__What you should do__
Please copy exactly the lines from the first in the records through the line that contains "Golden magnetic folding", but not the pictures.
** Dataset follows **
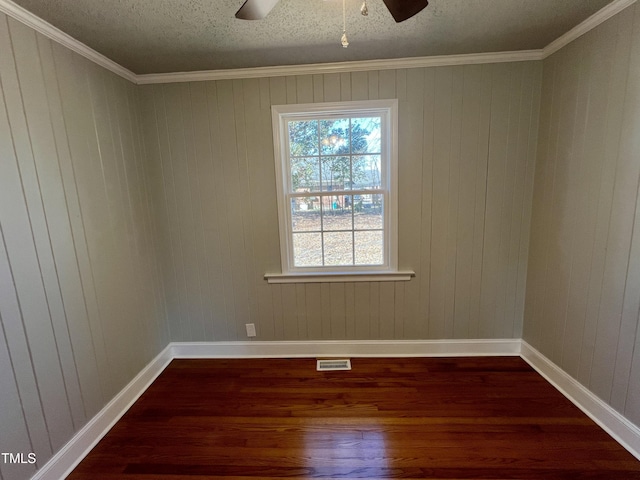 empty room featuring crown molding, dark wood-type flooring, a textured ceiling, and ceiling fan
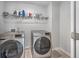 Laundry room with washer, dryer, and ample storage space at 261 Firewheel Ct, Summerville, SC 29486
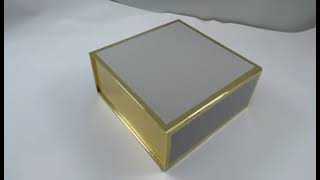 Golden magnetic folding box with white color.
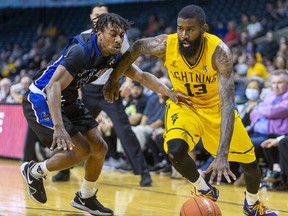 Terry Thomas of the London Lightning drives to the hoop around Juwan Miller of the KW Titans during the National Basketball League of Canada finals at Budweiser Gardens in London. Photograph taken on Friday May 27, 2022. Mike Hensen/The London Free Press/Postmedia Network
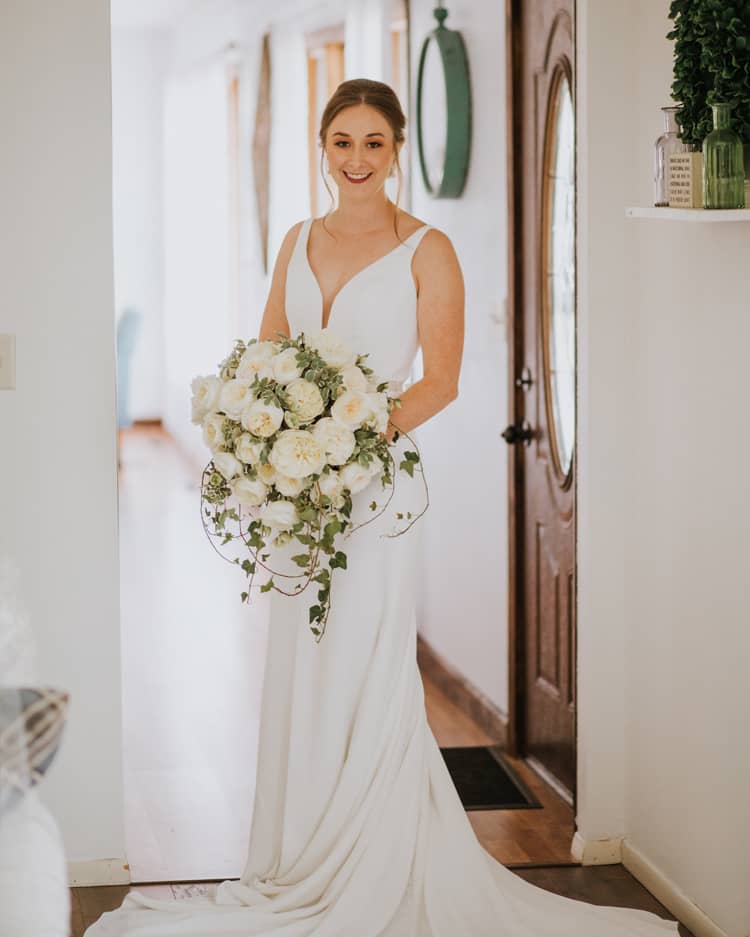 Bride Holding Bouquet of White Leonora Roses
** End of Dataset **
__Task result__
 empty room featuring crown molding, dark wood-type flooring, a textured ceiling, and ceiling fan
 Laundry room with washer, dryer, and ample storage space at 261 Firewheel Ct, Summerville, SC 29486
 Golden magnetic folding box with white color.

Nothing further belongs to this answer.